We have been here before. The fall of the Shah in 1979 inaugurated an era of theatrical revolutionary justice, where show trials and arbitrary detention became instruments of policy. The current regime has perfected the art: accuse, imprison, deny due process, then offer freedom in exchange for concessions. The West, paralysed by its own moral qualms and fear of escalation, typically pays the ransom—sometimes in cash, sometimes in political capitulation.
The couple’s ordeal mirrors that of countless others: Nazanin Zaghari-Ratcliffe, Morad Tahbaz, and the dual nationals caught in a vortex of suspicion and expediency. Each case follows a script. Arrest on spurious charges. A closed trial. A harsh sentence. Then the slow grind of diplomatic haggling. The families, like the couple’s relatives, are forced into a public relations campaign, pleading for justice while the regime waits for a better offer.
Why does this persist? Because the strategy works. Iran has learned that Western governments, for all their righteous rhetoric, will ultimately prioritise stability over principle. The nuclear deal, the unfreezing of assets, the quiet diplomacy: each concession emboldens the hostage-takers. The British government’s response to this latest verdict has been predictably tepid: expressions of concern, calls for consular access, but no meaningful action.

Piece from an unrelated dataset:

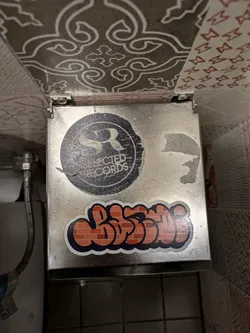 A sticker featuring graffiti-style text that looks like it's made of bricks.  There's also a smaller, circular sticker underneath featuring the logo for Selected Records.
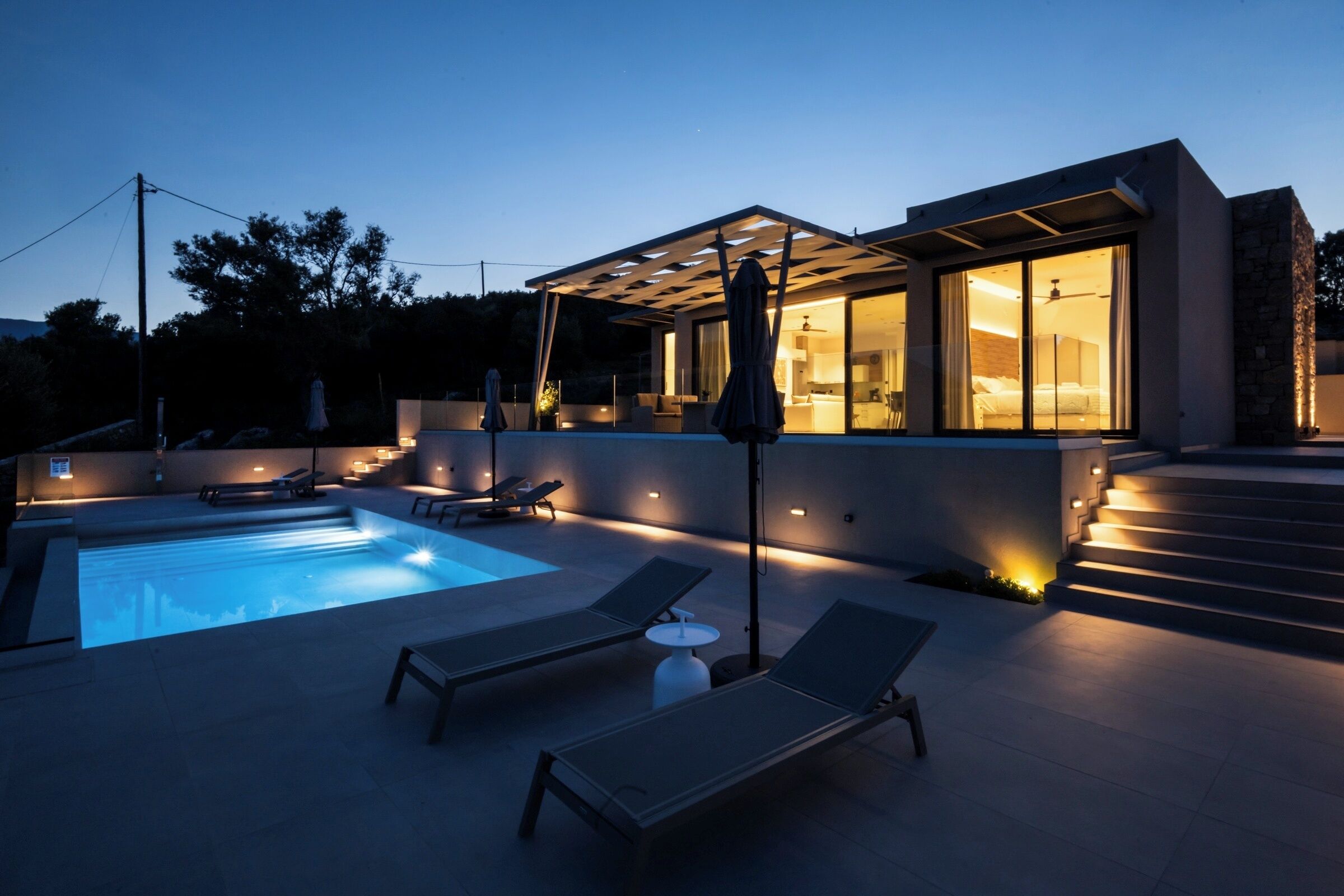 Una casa moderna con piscina, mobiliario exterior e interiores bien iluminados.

What is needed is a fundamental shift in posture. The West must treat hostage-taking as a form of state terrorism, not a diplomatic inconvenience. That means economic sanctions targeted at the individuals and institutions responsible. It means making the cost of detaining foreigners outweigh the benefits. It means publicly naming and shaming the judges and officials who orchestrate these judicial farces.
But such measures require political courage, and courage is in short supply in our decadent age. We prefer to tut-tut and move on, indulging the illusion that dialogue and goodwill can tame the mullahs’ theocratic machinations. They cannot. The British couple, like all hostages, are victims not only of Iran’s brutality but of the West’s enervated resolve.
As the family grieves and the regime gloats, we must ask ourselves: how many more lives will be sacrificed on the altar of diplomatic expediency? The answer, regrettably, is as many as the regime wishes to take.